# Teak - splintery and smelly



## DLJeffs (Feb 16, 2021)

A friend had his hardwood floors redone and had a bunch of cut offs. He said they were solid teak. They didn't look like the teak I made my wife's quilt rack from (I think that was called plantation teak - supposedly recovered from old plantations in the South). But I took a chunk that had a little figure and started making a cribbage board. Four things struck me about this teak - first, it's hard a hell, the planer had to work hard to trim off the glue grooves in the bottom; second, it stinks, smells like a barnyard on fire; third, it splinters easily, after learning my lesson I'm wearing gloves until I get it sanded; and last it's heavy, this board is 17.5" X 4.75" X 0.625" and it weighs 26.75oz. I looked at Paul's ID site and am pretty sure this is indeed teak. But it's sure different than the teak I made my wife's quilt rack from. Maybe from another part of the world.

Reactions: Like 1


----------



## phinds (Feb 16, 2021)

DLJeffs said:


> I looked at Paul's ID site and am pretty sure this is indeed teak.


???

Uh ... no. That doesn't look even remotely like teak in any way. First off it's diffuse porous and teak is clearly ring porous. Second, you can get a little graininess in teak but nothing like what this wood has. Third the color is wrong for teak. I just can't figure why you would think that it looks like the teak pics on my site or any site.

Looks like kempas to me.


----------



## Arn213 (Feb 16, 2021)

There are so many teak substitute out there from Braz. Cumaru, Iroko, Braz. walnut, Suriname Angelique, etc.. just to many to name. Genuine teak will not smell like that and it has a smell between fresh processed leather goods to a very, very faint leather-vanilla odor. Real teak has a simple water test- take an eye drop and put a water drop on the surface. The non teak, water will be absorbed. Real teak will have have real slow absorption rate or barely noticeable absorption.

You can see a lot of examples of real teak from a lot of mid century (1950’s -1960’s) Danish furniture- Sweden and Denmark. They profusely used teak on furniture (mostly in veneer form) and decorative wood accessories alongside walnut, rosewood and mahogany. This is one instance actually where color denotes old growth and new growth (farmed). Old growth teak from Burma and India is red-brown in color and new growth (after the 1960’s over harvesting) is yellow in color. I happen to have both examples- I prefer the warmth and color of the red-brown old teak.
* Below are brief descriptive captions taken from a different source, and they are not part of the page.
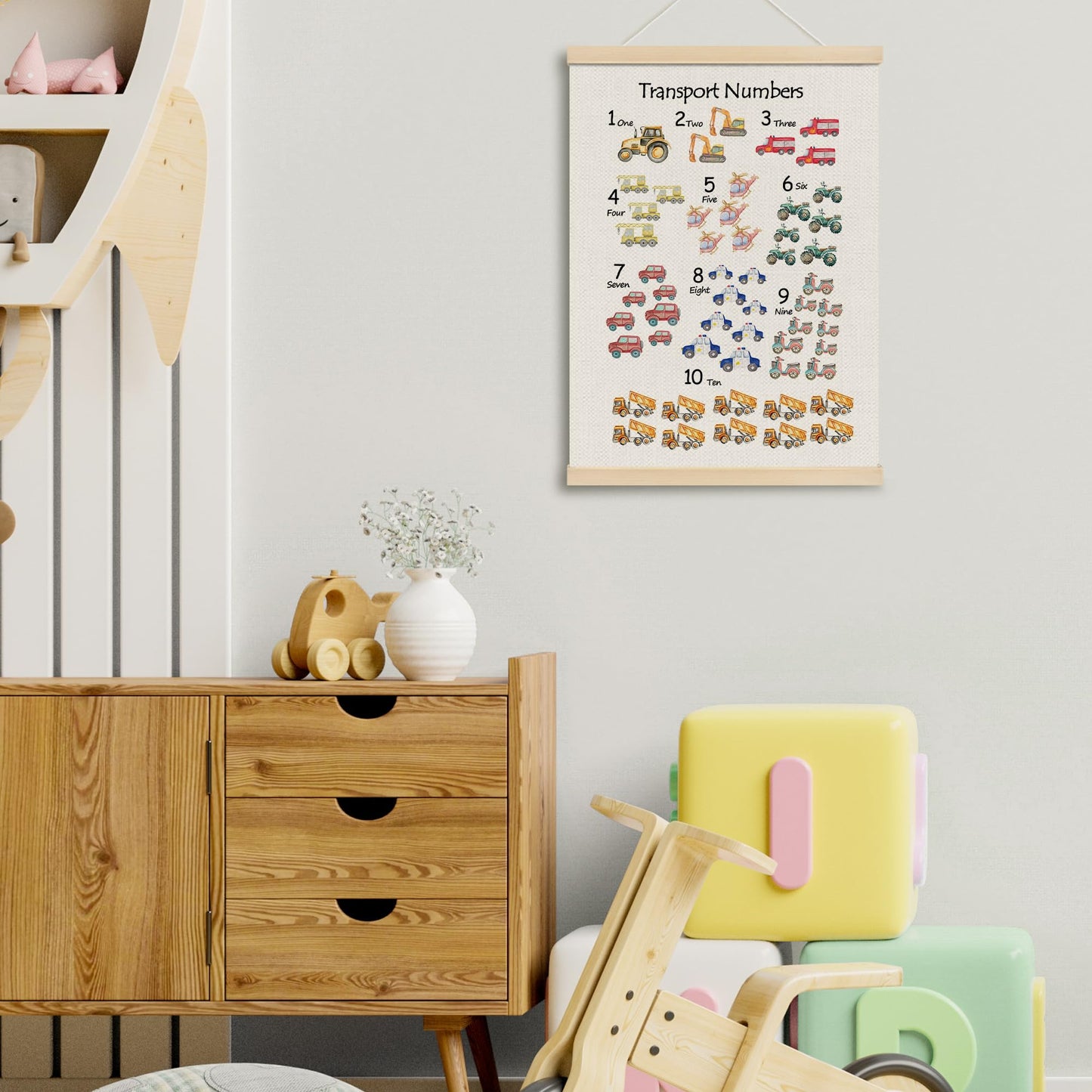 MOTERMATE Transport Number Wall Art Poster Chart, Playroom Decor, Preschool Learning Educational Canvas Poster Hanger Frame for Toddlers Classroom, Car Themed Wall Hanging Banner Decor, 12x16 Inch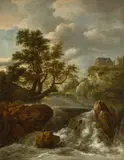 Jacob van Ruisdael, Wasserfall mit einem Fachwerkhaus auf felsiger Anhöhe, Um 1665, Öl auf Leinwand
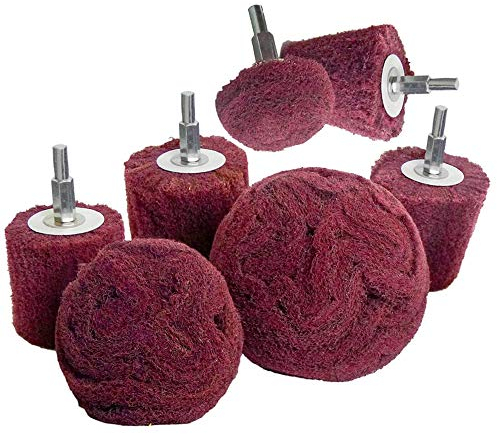 Schleifkopf zum Polieren bürsten geformter Scheuerschwamm – 7-teiliges rotes Vlies-Schleifbohrer-Set mit 1/4-Zoll-Griff für Krümmer/Aluminium/Edelstahl/Chrom usw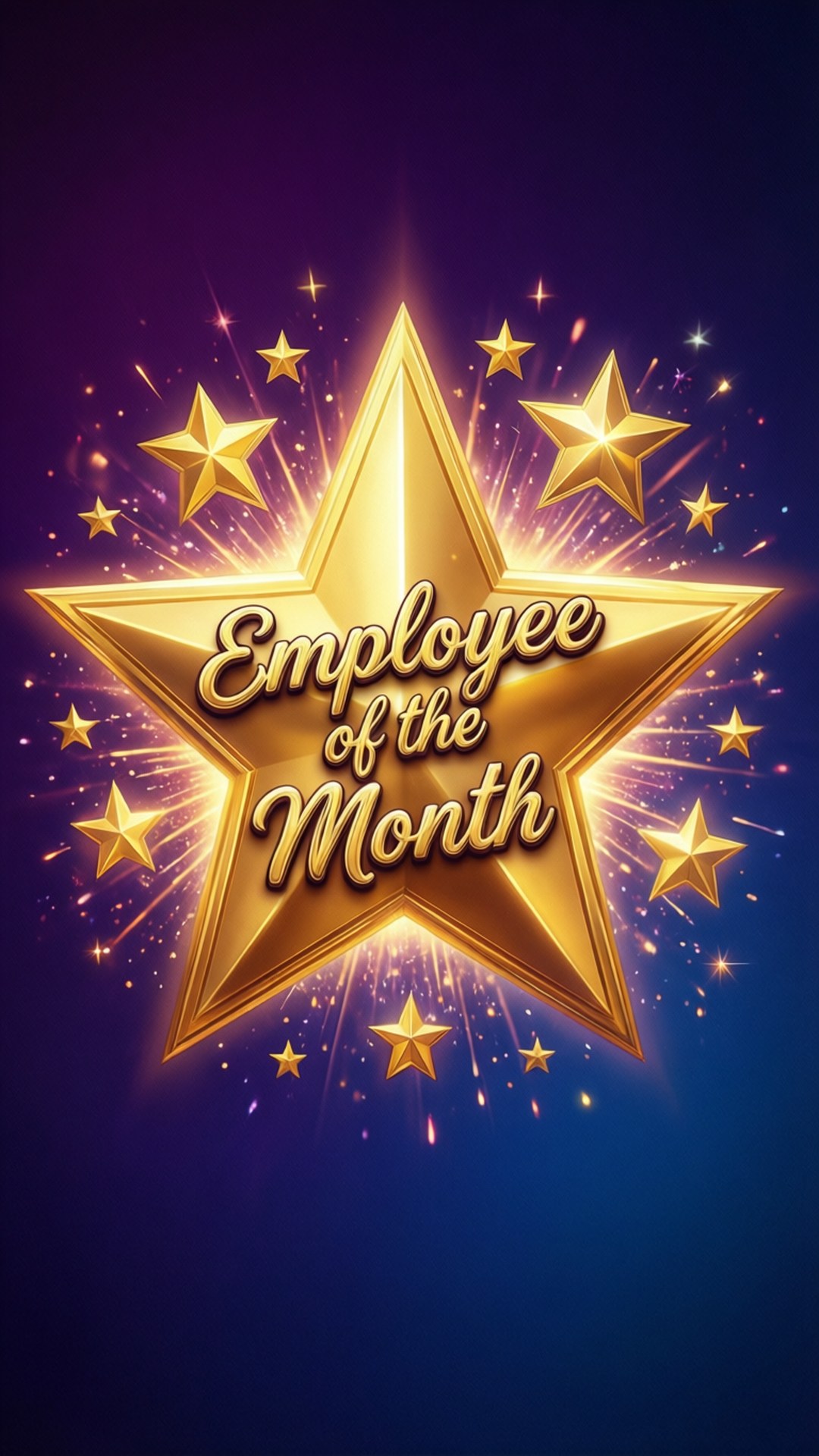 星級表現 壁紙 — 一個閃耀的金色星爆，帶有「Employee of the Month」文字，周圍環繞著閃爍的星星，背景為紫色和藍色漸變。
Yes, you get close to it and it has this beautiful aroma.


----------



## DLJeffs (Feb 16, 2021)

phinds said:


> ???
> 
> Uh ... no. That doesn't look even remotely like teak in any way. First off it's diffuse porous and teak is clearly ring porous. Second, you can get a little graininess in teak but nothing like what this wood has. Third the color is wrong for teak. I just can't figure why you would think that it looks like the teak pics on my site or any site.
> 
> Looks like kempas to me.


Huh... that makes me feel better and worse at the same time. Better because in my mind this isn't teak. Worse, because when I look at the end grain photos it looks similar to me. Can you educate me what I'm not seeing? Here's one of the end grain shots on your web site and to me it looks really similar to the one I took. No? Is it the prominent lighter color rings?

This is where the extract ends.